These efforts were useful in successful reconstruction of known regulatory motifs and they also resulted in numerous testable predictions, some of which were proven experimentally (8–10). However, such methodologies are prone to a considerable amount of both false-positive and false-negative motif predictions. Many false-positive predictions are motifs that occur also in the promoters of many genes outside of the mRNA expression cluster from which they were derived. These motifs are usually not sufficient to determine particular expression patterns. On the other hand, such over representation-based methods are, by definition, of limited scope, their false-negatives are motifs that occur in sets of genes that are smaller than the size threshold required for their detection with sufficient statistical significance.
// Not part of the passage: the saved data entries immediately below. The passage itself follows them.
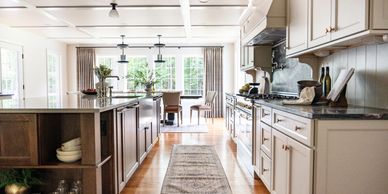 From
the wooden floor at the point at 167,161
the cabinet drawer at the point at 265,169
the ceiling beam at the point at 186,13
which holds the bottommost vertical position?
the wooden floor at the point at 167,161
We propose an alternative motif discovery and analysis tool that will meet these two opposing challenges at once. This is based on our previously introduced notion of expression coherence (EC), a measure of the extent to which a set of genes (e.g. genes that contain a given motif in their promoter) display expression profiles similar to each other at a given set of conditions (11,12). Formally, the EC score of a set of N genes is defined as the number p of pairs of genes in the set for which the Euclidean distance between the mean and variance normalized expression profiles falls below a threshold, D, divided by the total number of pairs of genes in the set EC=p/[0.5 * N * (N−1)] (11). While in previous analyses we have mainly used a corollary of this definition to detect functional interactions between different motifs (11,12), we devote the current effort to using this measure for the discovery, refinement and in-depth analyses of individual motifs, the building blocks of subsequent combinatorial motif reconstructions. Scoring motifs according to the EC of the genes under their regulation ensures that only motifs that occur among tightly co-expressed genes would score highly. In addition, by introducing an appropriate alternative statistical model (see below) it also alleviates the need that detectable motifs will appear at a particularly high number of genes. Our expression pattern-based statistical model, that computes probabilities of obtaining the observed or higher EC scores by chance, relaxes the requirement that motifs will be particularly abundant and thus provides us with enhanced sensitivity towards promoter motifs that regulate very small transcriptional networks.
MATERIALS AND METHODS
Our WWW server is implemented with Perl CGI scripts. Computations and graph drawings are performed with Matlab (Mathworks, MA) code invoked from Perl. All yeast mRNA expression data were taken from ExpressDB (http://arep.med.harvard.edu/ExpressDB/). Regulatory motifs were obtained from TRANSFAC (http://transfac.gbf.de/TRANSFAC/) and from our motif combination supplementary WWW page (http://genetics.med.harvard.edu/~tpilpel/MotCoOc/MotCoOc.html). The TFBS (13) Perl module (http://forkhead.cgb.ki.se/TFBS) was utilized for multiple tasks, mainly for manipulation of position specific weight matrices for promoter scanning, calculation of information content of matrices and drawing of sequence logos, in addition to interfacing with TRANSFAC.
THE REGULATORY MOTIF WWW SERVER
We have developed a WWW server that provides the experimental and computational biology communities a comprehensive rigorous and easy-to-use interface to our wide set of motif discovery and analysis algorithms, statistical inference models and graphical representations.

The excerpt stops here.